__Task requirements__. Copy out exactly, from the entries that follow, the line holding "Temeka Mumford Realtor map", the line holding "Mexen Rio vierkante", and all lines between them, but no pictures.

__Provided records__.

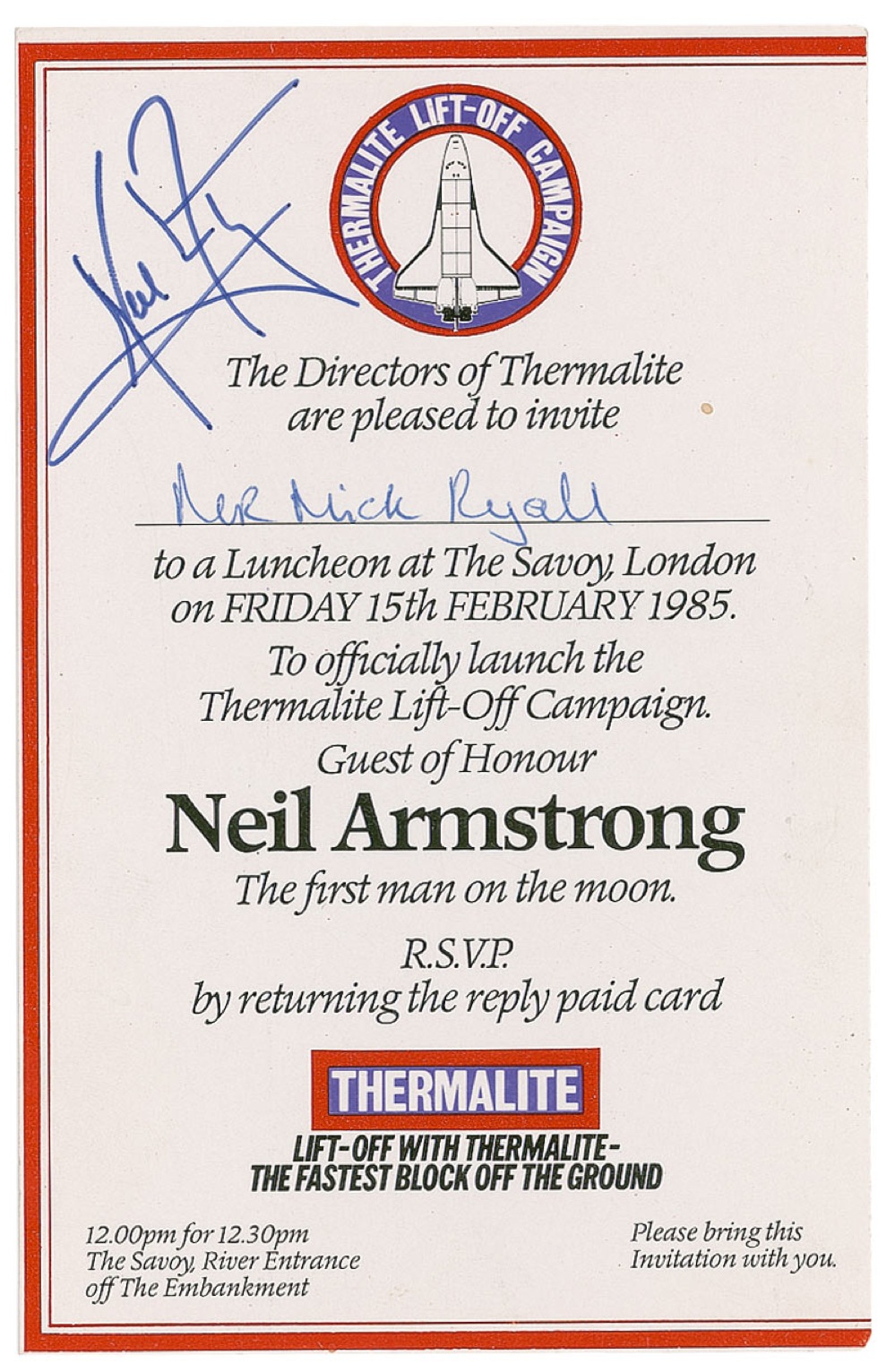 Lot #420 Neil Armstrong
...
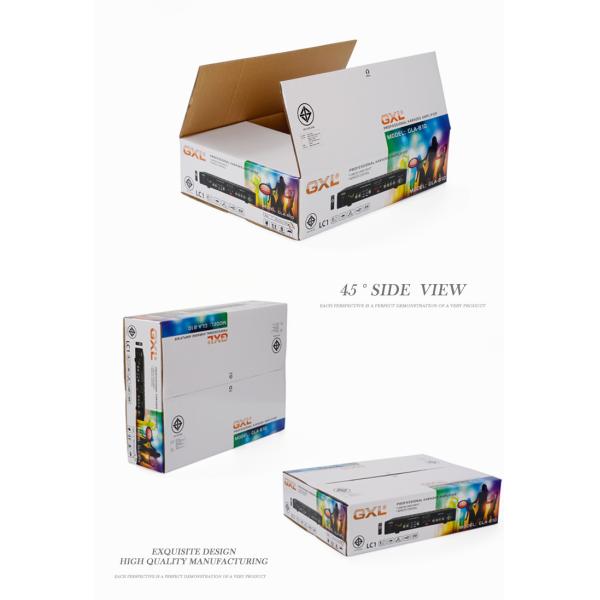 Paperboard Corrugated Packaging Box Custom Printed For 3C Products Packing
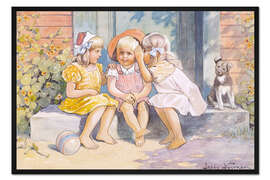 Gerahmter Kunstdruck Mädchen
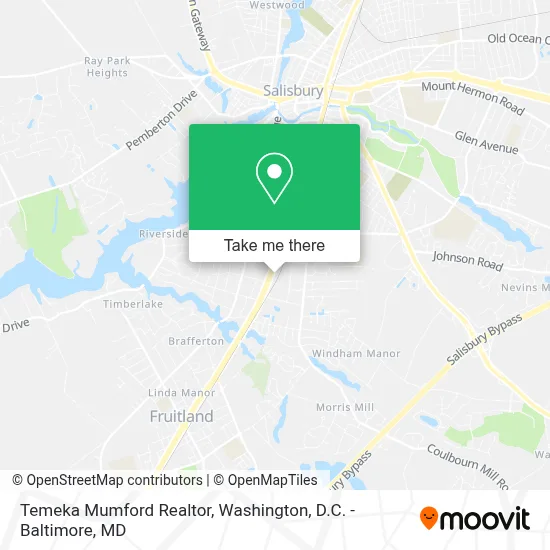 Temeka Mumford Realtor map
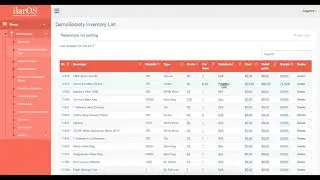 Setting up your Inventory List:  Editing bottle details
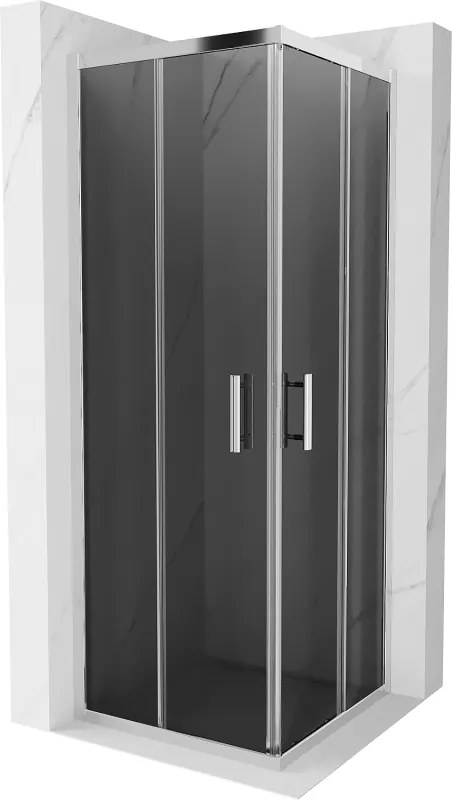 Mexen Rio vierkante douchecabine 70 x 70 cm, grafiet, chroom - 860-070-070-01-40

__Exercise result__.
 Temeka Mumford Realtor map
 Setting up your Inventory List:  Editing bottle details
 Mexen Rio vierkante douchecabine 70 x 70 cm, grafiet, chroom - 860-070-070-01-40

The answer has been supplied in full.